The judgment, which came on Monday, was seen
as a blow to the governing Hindu nationalist Bharatiya Janata Party. The
court’s decision effectively ended a two-year quest by a father to nullify his
daughter’s marriage to a Muslim man in the southern state of Kerala, saying
that she had been forced to convert to Islam.
The daughter says she acted of her own free
will.
Right-wing Hindu nationalists have labeled
the case an instance of what they call “love jihad,” after a belief that
India’s minority Muslims will take over the country by persuading Hindu women
to marry them and convert to Islam.
Hindus make up around 74 percent of the
country’s population of 1.3 billion, and Muslims 14 percent.
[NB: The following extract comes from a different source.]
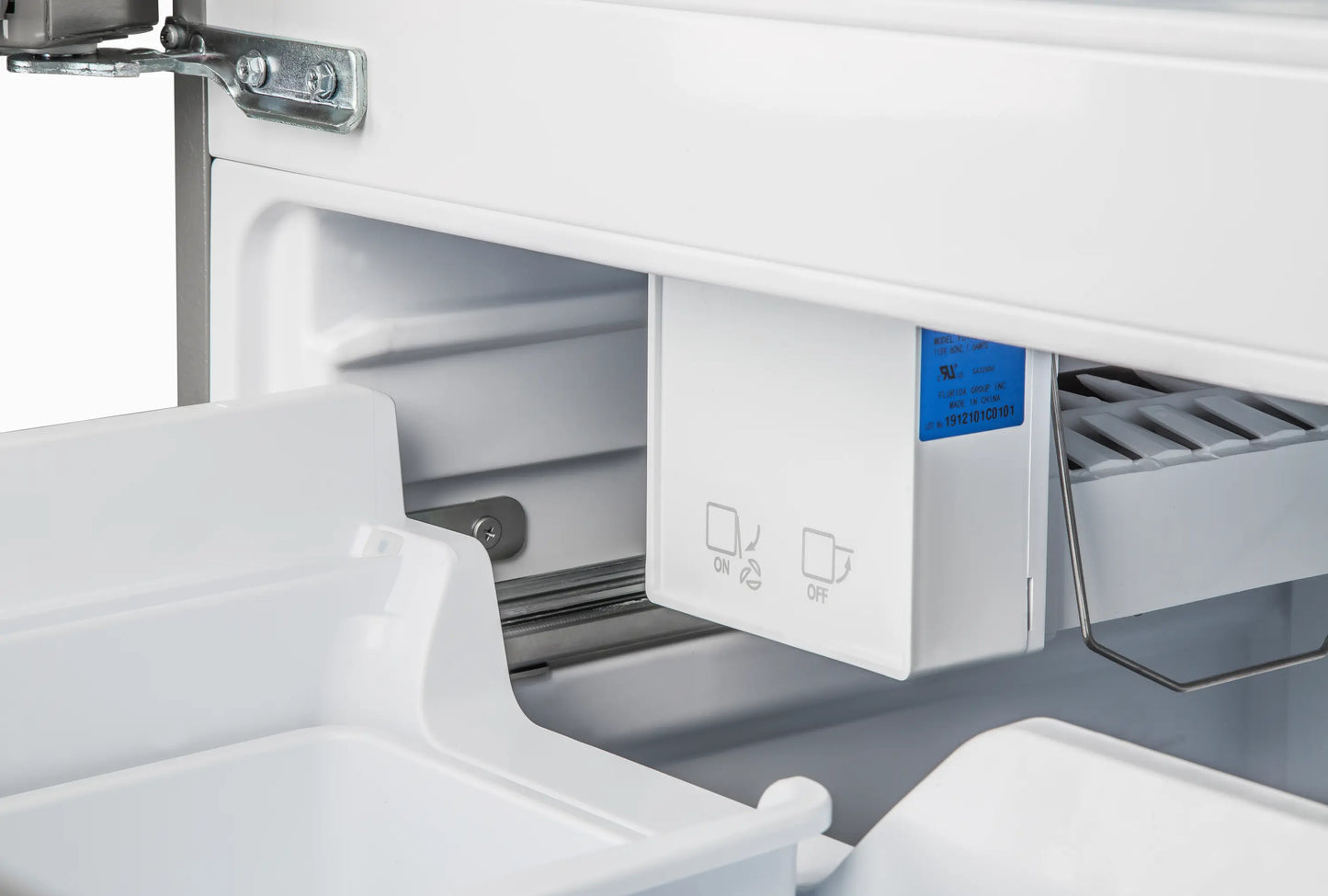 Forno 36-Inch Moena French Door Refrigerator - 19 cu.ft with Double Freezer Drawer and Ice Maker FFRBI1820-36SB -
Hindu nationalists
also oppose conversions to Christianity.
Although India’s Constitution is secular and
provides protection to all faiths, the issue of “love jihad” has gripped
headlines, pitting secular activists against their religious peers and
government officials.
Meenakshi Ganguly, the South Asia director at
Human Rights Watch, said it was “sad for India that a court needs to remind the
country of these very basic constitutional liberties.”
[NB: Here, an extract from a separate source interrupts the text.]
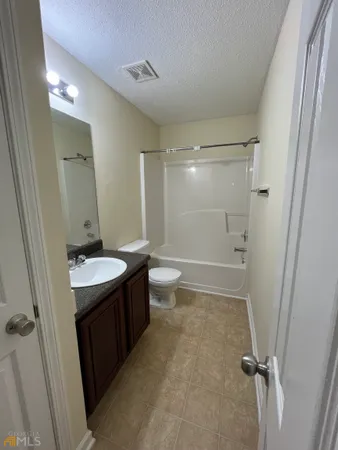 $2,175 | 166 Seabreeze Court, Newnan, GA 30265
“That there’s an increasing group of people
who think they can get away with forcing their ideology on people — that speaks
to a lack of rule of law,” she said. “The courts stopped two consenting adults
from continuing their marriage.”
Since Prime Minister Narendra Modi — an
avowed Hindu nationalist — came to power in 2014, sectarian violence has risen,
according to a study by the United States Commission on International Religious
Freedom, a government body.
Tuesday’s Supreme Court decision is the
culmination of a two-year battle between Hadiya, a 26-year-old student, and her
father, Asokan K.M.
When Hadiya converted to Islam in January
2016, her father filed a report with the police, claiming that his daughter’s
conversion had been coerced as part of an elaborate tactic by the Islamic State
to recruit her to fight in Syria. Months later, she married a Muslim man,
Shafin Jahan, adding to her father’s resolve to have his daughter placed in his
custody, at the family home.
Hadiya, who was born Akhila Asokan and
changed her name after converting, said she had converted of her own free will
and did not even have a passport that would have enabled her to leave the
country to join the Islamic State.
The high court of Kerala State, where the
family lives, annulled the marriage last May, ruling that “a girl aged 24 years
is weak and vulnerable, capable of being exploited.”
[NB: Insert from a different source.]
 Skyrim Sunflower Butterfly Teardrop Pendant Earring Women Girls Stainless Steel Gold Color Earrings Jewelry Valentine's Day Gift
Hadiya, who then returned to her family home,
has told activists and the courts that her father beat her and committed her to
a yoga center, where she says she was tortured and forced to convert back to
Hinduism. Hadiya’s father declined to comment.
Her lawyer, Haris Beeran, said on Tuesday
that she was keeping a low profile. Worried about threats from right-wing Hindu
nationalists, she filed an affidavit in the courts in February saying that she
fears for her life.
Her husband, with whom she has been reunited,
is being investigated by India’s National Investigation Agency, a government
counterterrorism body, for possible links to radical Islamist groups. His
supporters call it a trumped-up charge to derail the couple’s marriage in the
courts by making it seem that her conversion was part of a larger jihadist
plot.
“They have been married and forced to live
away from each other for the past year, facing harassment from her family and
the N.I.A.,” Mr. Beeran said in a telephone interview.
“They are relieved” after the court’s
verdict, he said.
Secular activists hope the ruling will help
protect future interfaith relationships and religious conversions, though some
worry that India’s rule of law is too weak to prevent future such cases from
arising.
Hindu nationalists vowed to continue trying
to prevent interfaith relationships.
“Love jihad is a reality,” said Rakesh Sinha,
who is referred to as an “ideologue” of the Rashtriya Swayamsevak Sangh, a
right-wing group widely seen as the parent organization of the B.J.P. “A lot of
organizations lure Hindu girls in the name of marriage.”
The “intention is to destabilize the Indian
society by initiating conversions,” he added.